All eyes are on Valve and its upcoming Steam Machine release, with questions looming over when exactly it will release and how much it will cost. Those questions remain unanswered, though Valve did offer a bit more clarity on the former, saying in a blog post that both the
Steam Machine and Steam Frame will be "shipping this summer."
While we still do not have a precise release date, for context, the summer season officially began on June 1st and runs through August 31st. In other words, assuming no further delays, Valve will release its highly-anticipated Steam Machine sometime within the next 12 weeks.
Valve provided the update as an aside to the Steam Machine and Steam Machine being added to its Verified program, which was initially designed to inform gamers how well a game will run on handheld devices.
"We’re excited for players to try your titles on the new Steam hardware once they launch this summer," Valve says.

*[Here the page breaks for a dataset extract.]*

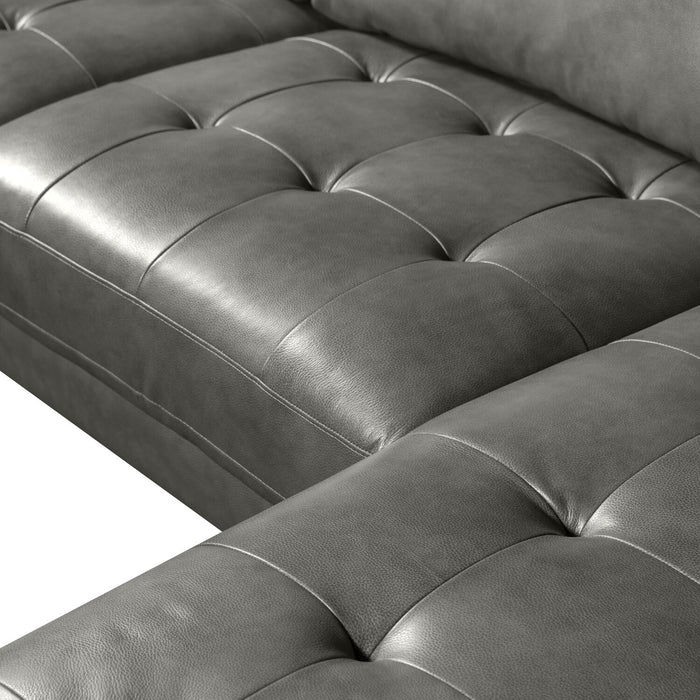 Sofa sectionnel de droite Edge 2 pièces en cuir véritable avec pattes en bois et coussins de dossier amovibles - gris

The other big question mark relates to cost and Valve declined to offer clarity on that front. It's possible that pricing has not been finalized even though a release is now imminent, though it's also possible that Valve is hoping to avoid sticker shock for long as possible.
Pricing is really the elephant in the room, especially on the heels of Valve
raising the cost of its Steam Deck OLED last week. The base model with with 512GB of storage now runs $789 and the 1TB model costs $949. Those represent price increases of $240 and $300, respectively.

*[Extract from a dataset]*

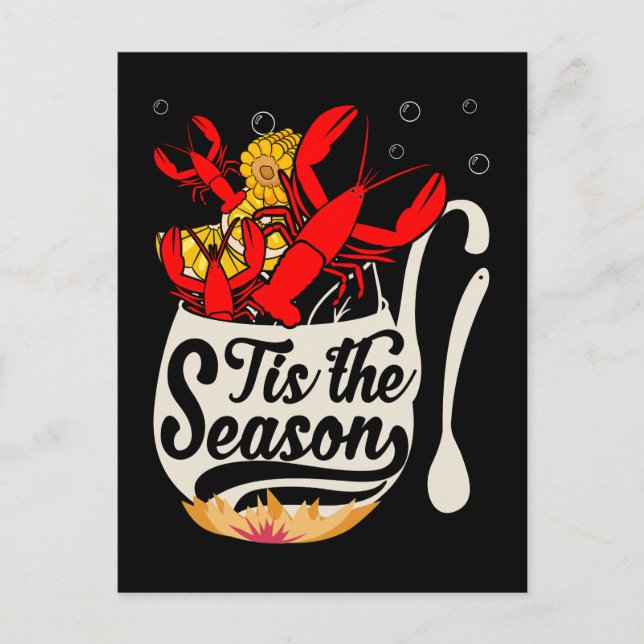 Crawfish Season Boil Funny Crayfish Eating Lobster Postcard (Front)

Valve is not being greedy, and instead is
responding to market economics in the wake of an AI-driven shortage of memory and storage chips. The company stated as much when it announced the price increase, saying the new MSRPs "reflect the current state of component costs and other global logistic challenges across the industry as a whole."
It's not unusual for console makers to take a hit on hardware costs and make it up on software (games), but these are unique times we are in. The Steam Deck may or may not serve as a baseline for pricing expectation. Related, Valve doubled down on the claim that the Steam Machine is "roughly six times as powerful as a Steam Deck."
"Long story short: If your game already runs well on Deck, it will also run well on Machine with no extra work required from you. And if it doesn't run great on Deck because of CPU or GPU performance, it may still run great on Machine. If you have games like this, you don't have to take any action: We're already testing every title on Machine that fell below our performance requirements on Deck," Valve states in its
blog post.
Now that we're a week into summer, our remaining questions about the Steam Frame should be answered soon enough.